Audio functionality is supported by our [PicoSynth library](https://github.com/pimoroni/pimoroni-pico/tree/main/libraries/pico_synth) which allows you to create multiple voice channels with ADSR (attack decay sustain release) envelopes. It provides a similar set of functionality to the classic SID chip in the Commodore 64.
### `play_sample(data)`
Play the provided 16-bit audio sample. `data` must point to a `bytearray` that contains 16-bit PCM data. The number of samples is retrieved from the array's length.
### `synth_channel(channel)`
Gets a `Channel` object which can then be configured with voice, ADSR envelope, etc.

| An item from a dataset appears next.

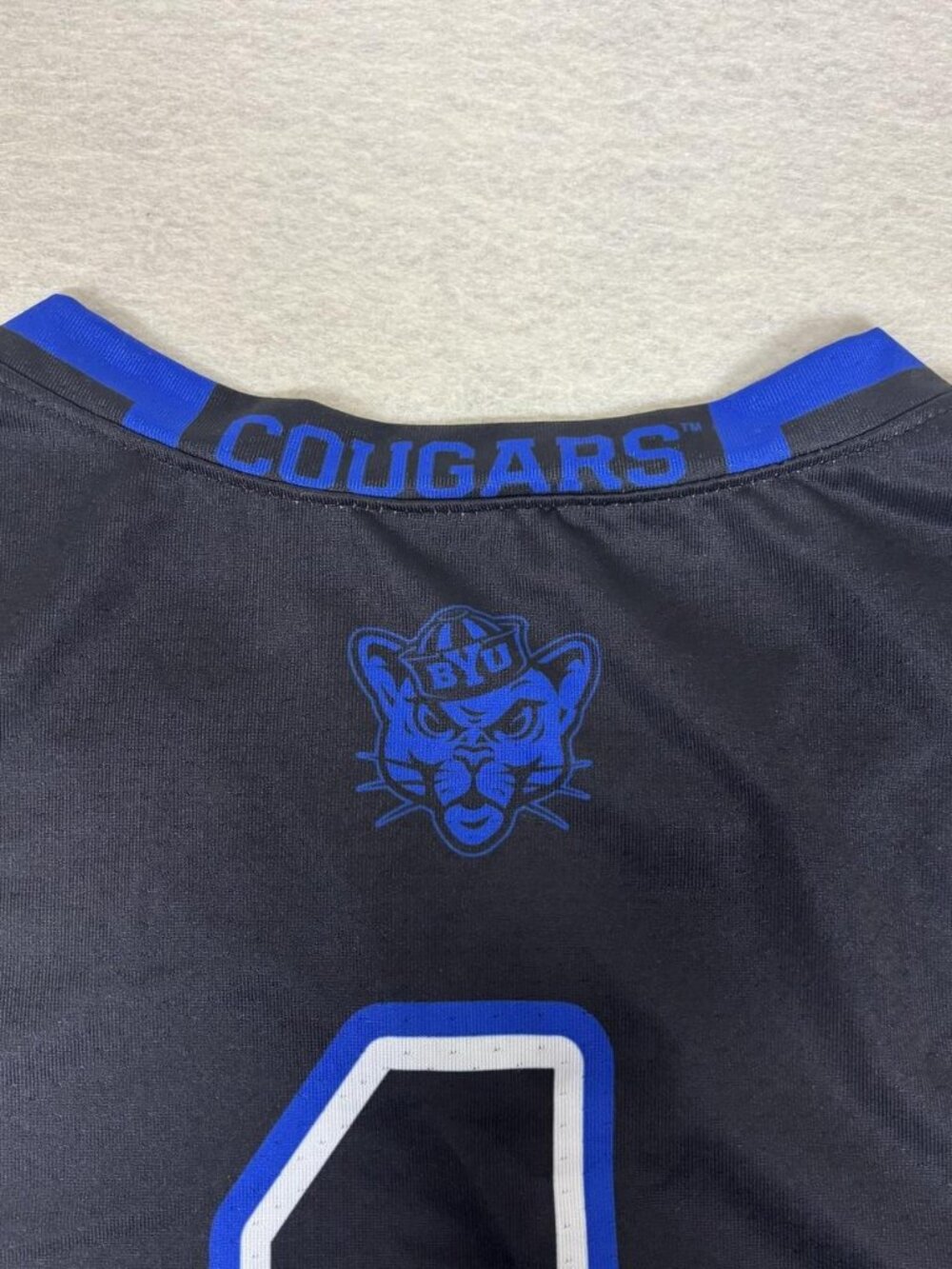 Brigham Young Cougars Jersey Mens Small NCAA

Cosmic Unicorn has two Qw/ST (Qwiic/STEMMA QT) connectors. Breakouts with Qw/ST connectors, can be plugged straight in with a [JST-SH to JST-SH cable](https://shop.pimoroni.com/products/jst-sh-cable-qwiic-stemma-qt-compatible?variant=31910609813587). You can connect I2C Breakout Garden breakouts without Qw/ST connectors using a [JST-SH to JST-SH cable](https://shop.pimoroni.com/products/jst-sh-cable-qwiic-stemma-qt-compatible?variant=31910609813587) and a [Qw/ST to Breakout Garden adaptor](https://shop.pimoroni.com/products/stemma-qt-qwiic-to-breakout-garden-adapter).